You should add documentation for these new PARAMs to doc/invoke.texi.

I don't really like these new PARAMs: All other loop PARAMs are based
on the number of insns in a loop, or the maximum number of times a
transformation is applied. Your new
PARAM_MIN_ITER_UNROLL_WITH_BRANCHES is completely different, because
it is a number of iterations. This makes the PARAM value feel even
more arbitrary than all the other PARAMs to some extend already do...

(The only other PARAM like that is PARAM_ALIGN_LOOP_ITERATIONS, and
its default value also looks quite arbitrary...)


> Index: loop-unroll.c
> ===================================================================
> --- loop-unroll.c       (revision 186783)
> +++ loop-unroll.c       (working copy)
> @@ -152,6 +152,180 @@ static void combine_var_copies_in_loop_exit (struc
>                                             basic_block);
>  static rtx get_expansion (struct var_to_expand *);
>
> +/* Determine whether LOOP contains call.  */
> +static bool
> +loop_has_call(struct loop *loop)
> +{
> +  basic_block *body, bb;
> +  unsigned i;
> +  rtx insn;
> +
> +  body = get_loop_body (loop);
> +  for (i = 0; i < loop->num_nodes; i++)
> +    {
> +      bb = body[i];
> +
> +      FOR_BB_INSNS (bb, insn)
> +        {
> +          if (CALL_P (insn))
> +            {
> +              free (body);
> +              return true;
> +            }
> +        }
> +    }
> +  free (body);
> +  return false;
> +}
> +
> +/* Determine whether LOOP contains floating-point computation.  */
> +static bool
> +loop_has_FP_comp(struct loop *loop)
> +{
> +  rtx set, dest;
> +  basic_block *body, bb;
> +  unsigned i;
> +  rtx insn;
> +
> +  body = get_loop_body (loop);
> +  for (i = 0; i < loop->num_nodes; i++)
> +    {
> +      bb = body[i];
> +
> +      FOR_BB_INSNS (bb, insn)
> +        {
> +          set = single_set (insn);
> +          if (!set)
> +            continue;
> +
> +          dest = SET_DEST (set);
> +          if (FLOAT_MODE_P (GET_MODE (dest)))
> +            {
> +              free (body);
> +              return true;

So you only detect single-set FP operations where some insns stores in
a float mode. It wouldn't be very difficult to just walk over all sets
and look for float modes. This is also necessary e.g. for x87 sincos,
as well as various insns on other machines. Your comments say you
don't want to apply the new heuristic to loops containing FP
operations because these loops usually benefit more from unrolling.
Therefore, you should IMHO look at non-single_set() insns also here,
to avoid applying the heuristics to loops containing non-single_set()
FP insns.


> +            }
> +        }
> +    }
> +  free (body);
> +  return false;
> +}

Nit: You are calling loop_has_call and loop_has_FP_comp() twice on
each loop (first for constant iterations and next for runtime
iterations), maybe you can fuse the functions and cache the results
(e.g. with two bitmaps, or put it in the loop description and retrieve
it with get_simple_loop_desc). Actually num_loop_branches()
could/should also be cached. I realize that the loop body walks are
probably not very expensive (and compile time probably isn't a concern
if you're using profile driven optimizations) but they do all add
up...


> +/* Compute the number of branches in LOOP, weighted by execution counts.  */
> +static float
> +compute_weighted_branches(struct loop *loop)

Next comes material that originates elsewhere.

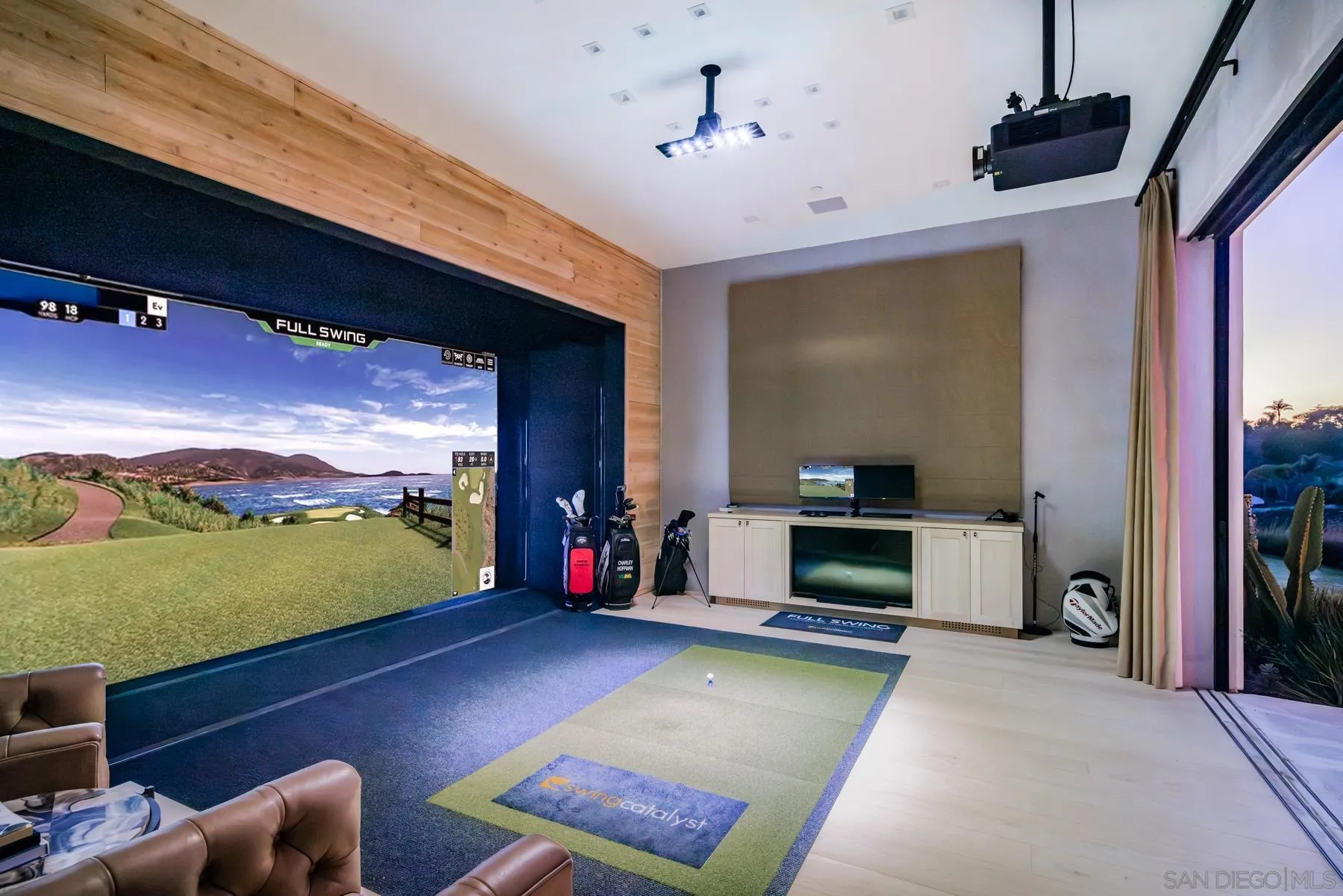 14783 Roxbury Terrace Rancho Santa Fe, CA 92067 - Photo 6 of 64 a living room with furniture and a flat screen tv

The floating point thing was already mentioned by Andrew. You can use
integer math instead (for examples, look for BB_FREQ_MAX e.g. in
average_num_loop_insns()).


> +  while (loop_outer(outer))
> +    {
> +      outer_desc = get_simple_loop_desc (outer);
> +
> +      if (outer_desc->const_iter)
> +        outer_niters *= outer_desc->niter;
> +      else if (outer->header->count)
> +        outer_niters *= expected_loop_iterations (outer);
> +
> +      weighted_outer_branches = compute_weighted_branches (outer);

Can you delay this computation of "weighted_outer_branches" call to ...

> +      /* Should have been checked by caller.  */
> +      gcc_assert(PARAM_VALUE (PARAM_MIN_ITER_UNROLL_WITH_BRANCHES) != -1);

Should never even happen. You have set the minimum acceptable value to
0. If you managed to test this code with
PARAM_MIN_ITER_UNROLL_WITH_BRANCHES==-1, I'd like to know how (if you
can do it from the command line, there is a bug in the handling of
acceptable PARAM values :-)


> +      /* If the outer loop has enough iterations to be considered hot, then
> +         we can stop our upwards loop tree traversal and examine the current
> +         outer loop.  */
> +      if (outer_niters >= PARAM_VALUE (PARAM_MIN_ITER_UNROLL_WITH_BRANCHES))
> +        {
> +          /* Assume that any call will cause the branch budget to be exceeded,
> +             and that we can't unroll the current loop without increasing
> +             mispredicts.  */
> +          if (loop_has_call(outer))
> +            return 0;
> +
> +          /* Otherwise, compute the maximum number of times current loop can be
> +             unrolled without exceeding our branch budget. First we subtract
> +             off the outer loop's weighted branch count from the budget. Note
> +             that this includes the branches in the current loop. This yields
> +             the number of branches left in the budget for the unrolled copies.
> +             We divide this by the number of branches in the current loop that
> +             must be duplicated when we unroll, which is the total weighted
> +             number of branches minus the back-edge branch. This yields the
> +             number of new loop body copies that can be created by unrolling
> +             without exceeding the budget, to which we add 1 to get the unroll
> +             factor.  */

... somewhere here, where weighted_outer_branches is used?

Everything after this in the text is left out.